Were you tempted to point out every possible collision with a warning – “watch out!”
If the driver took a route you hadn’t planned, did you suggest what route to take? Even though you know the other route might also take you to the same destination? Or did you let the drive take the other route that he/she is comfortable with?
The other day I had a somewhat similar experience. I had shown my son a route to go to his new college, what I thought was the best possible route for a relatively new driver.
After a few months, I had to ride with him again to his college. And to my surprise, he took a different route than I had suggested when he was getting familiar.
I was about to scream, “No, take the other road.”
But I waited; I kept watching as he drove through the roads that I didn’t know even.
I was surprised to find that this new route was even better than my suggested route!
That day, I learned two things:
- How to keep quiet when your mind is about to come up with suggestions.
- How not to micromanage, and how to be a leader who learns.
At work also we encounter somewhat similar situations. In the business intelligence and analytics space, I work with lots of young millennials. They are smart and innovative. I always get tempted to suggest doing tasks in certain ways, using certain technology or tools.
But as soon as I get tempted with such an urge, I control myself. I wait and watch.

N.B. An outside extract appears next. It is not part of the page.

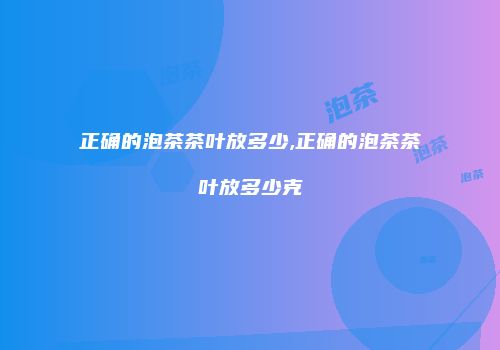 正确的泡茶茶叶放多少,正确的泡茶茶叶放多少克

And then I get amazed by what gets accomplished without that intervention! I learn new ways, new technology, and new tools. The team gets inspired in three ways:
- They got their way to accomplish the tasks
- They take pride, and right to brag and teach the management on the something new and different
- The most important thing is the team gets encouraged to think outside the box and find creative ways to accomplish tasks and eventually the project.
This is nothing new, and even most of the micromanagers would know this. However, it is not easy to give up micromanaging. Why is that? Maybe the answer is in the thinking pattern. Maybe the micromanager is afraid to lose control. Maybe the micromanager is afraid to come up as not knowing the new ways. Maybe it affects the ego.

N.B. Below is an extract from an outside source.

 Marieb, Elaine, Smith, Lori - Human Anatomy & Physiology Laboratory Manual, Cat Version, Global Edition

But my experience is different. When I give up suggestions and come up as ‘not knowing’ but allowing to try out the new ways, I need to make sure one thing. The team needs to be assured that they will be protected if anything goes wrong and help guide and manage up and control the situation.

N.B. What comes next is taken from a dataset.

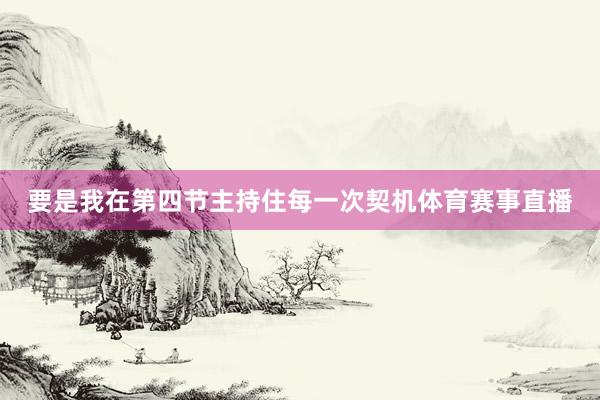 要是我在第四节主持住每一次契机体育赛事直播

The team does not assess you as someone ignorant if you go their way. It feeds the team’s ego in a healthy way – and that’s a good way to encourage rather than protecting the manager’s ego.
Before we start drawing conclusions about micromanaging, however, we should remember there’s always another side to the coin.
There are various areas and uses where micromanagement might be helpful. One such area is complex assignments and delegation. For example, unless I can get all the necessary details about the data analysis being done, I can understand the challenges well enough to either (having a similar experience) provide suggestions or (as a leader) get another team member involved who has similar experience to look at the issue at hand. But a true leader will handle such situations, respectfully and delicately, so it doesn’t come across as micromanaging.
So be bold, be ready to learn and become a true leader!
A manager can be a micromanager, if s/he wants to keep following the same way, same route, same method, same technology, but a leader has to keep an open and broad mind. A leader with an open mind is ready to learn, lets the team think creatively, and is ready to protect the team. Micromanager or a leader – the choice is yours.